Tom and I were left reeling from this devastating news. If I was worried about having Tiernan ‘prematurely’ at 36 weeks, imagine how I felt now that I would be having a 31-weeker. A timely visit from some paediatricians answered some of our questions: they told us that babies born at 31 weeks have a 98-99% chance of survival; some babies born this early have learning difficulties, and/or hearing and vision impairments, but not many; that the biggest risk after the birth is infection; that our baby may or may not be able to breathe independently; and that the baby would need to stay in the Neonatal Intensive Care Unit until some time around the due-date. It made us feel a little better, but it was a lot to take in.

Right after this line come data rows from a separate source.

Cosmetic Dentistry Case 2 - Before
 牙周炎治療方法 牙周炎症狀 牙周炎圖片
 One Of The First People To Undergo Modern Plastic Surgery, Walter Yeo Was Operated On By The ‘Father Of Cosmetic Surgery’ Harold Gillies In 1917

Then we got another visit from the obstetrician, who told us that, as the NICU at our hospital was currently full, I would have to be transferred to Westmead that night, where my case would be reviewed by whichever doctor took me on. I hoped against hope that they would decide not to go ahead.

Then ensued the ridiculousness that is being transferred! I had to pack up my things, and then be wheeled out to an ambulance on a stretcher. It was so humiliating. The worst part was that I didn’t even feel the slightest bit unwell! I could have driven myself to Westmead with no problems, and here I was, being treated like an invalid. Actually, that was the part that stung the most about my baby being born so early – I couldn’t get over how well I felt. Run-down, yes. Stressed, yes. Tired, yes. But seriously ill? No way. I just wanted to go home, rest up, and have this baby in a few more weeks.

We finally got to Westmead at around 9pm (Tom drove and met me there). We were seen by my new doctor. She decided to do more bloods, but also booked me in for induction first thing in the morning. I held on to a glimmer of hope that the medication I was on may have kicked in by now, and they would call the whole thing off in the morning.

I was taken to the antenatal ward. Tom stayed with me for a while. We didn’t bother writing a birth plan, this time. We knew how it would go. There were no words to say. Eventually, he went home to get a few hours sleep before returning in the morning, and I went to bed feeling like a big failure.